The website I chose to analyze is website for the company I work for called University Tees. We are a printing and design shop out of Cleveland, Ohio. University Tees has what they call “campus managers” on over 250 school campuses across the country and work with hundreds of Greek organizations on those campuses.
It is important that this website work correctly because hundreds of people visit it every single day in order to get ideas for new designs, place an order request, or receive product information. If this website weren’t working correctly, University Tees could potentially lose a lot of their customers to other companies.
When I ran it through WAVE reporter, I was initially scared because there were so many red flags that seemed to show up. Once I took a closer look at what these red flags were, it made me feel better about the website and how it works. There were red flags because there were “buttons” that did not lead to anywhere. For example, there is a button that looks like a bird (the University Tees logo), but the button doesn’t take you anywhere. This may be confusing for customers, but it does not make their experience on the site any worse.

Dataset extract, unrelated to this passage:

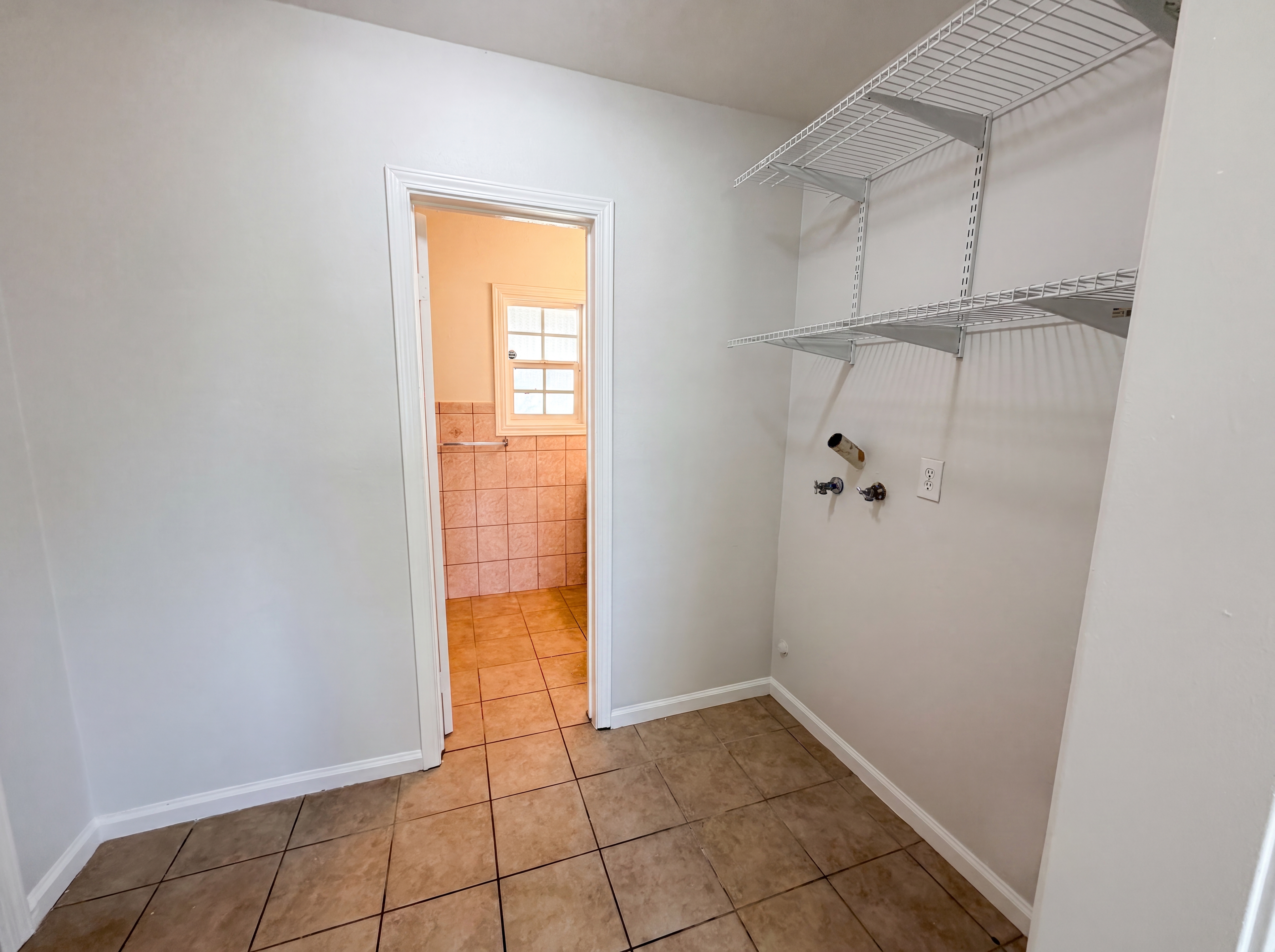 Photo 15 of 17 of 322 E Mariposa Dr, Rialto, CA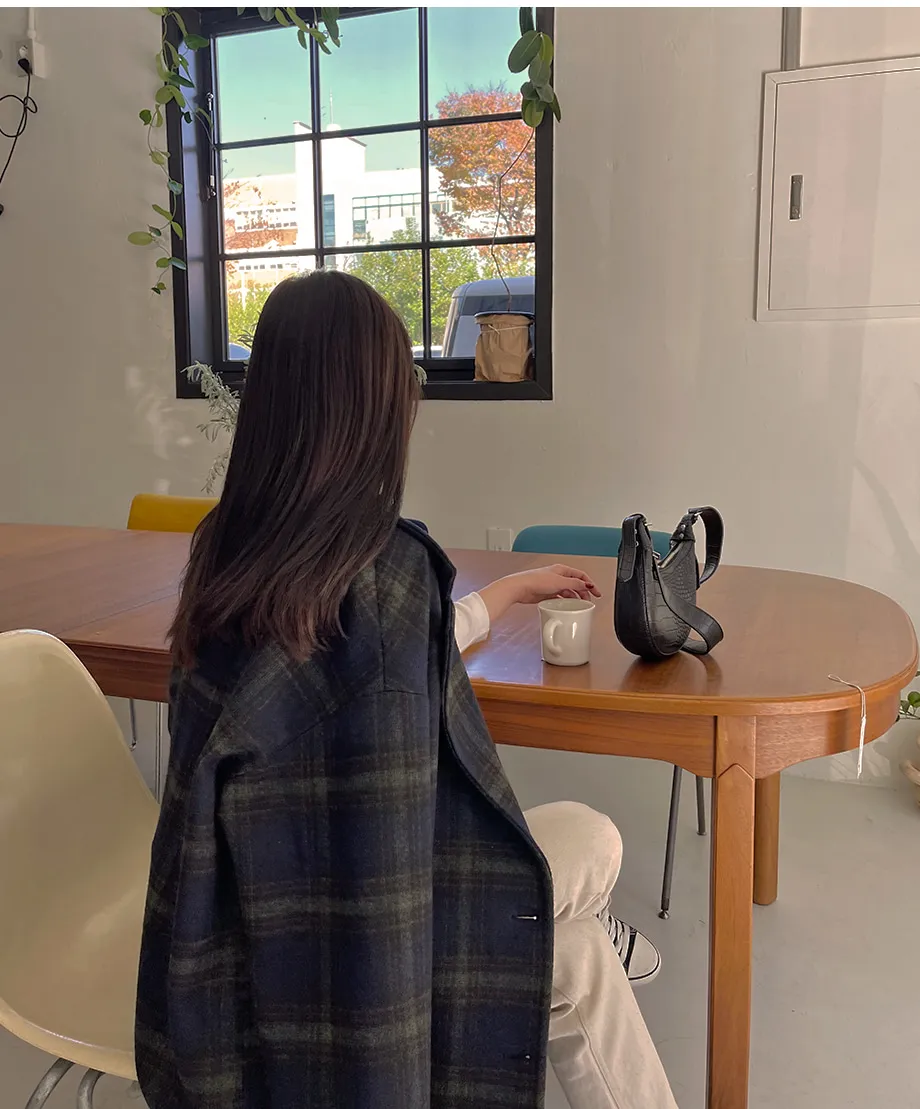 리리앤코 하플링 더블버튼 체크 뒷트임 롱 코트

The errors are something that IT could work on to improve the overall accessibility of the site, but they are nothing that would effect the customers or anything the customer would probably even notice.
“For example, there is a button that looks like a bird (the University Tees logo), but the button doesn’t take you anywhere. This may be confusing for customers, but it does not make their experience on the site any worse.” — I don’t know, I think it could potentially be very confusing. These small issues can add up over time. Some issues not as easy a fix as you might think, though. It would really take some digging into the code for a website to see if those empty buttons are really necessary to make the design work as intended.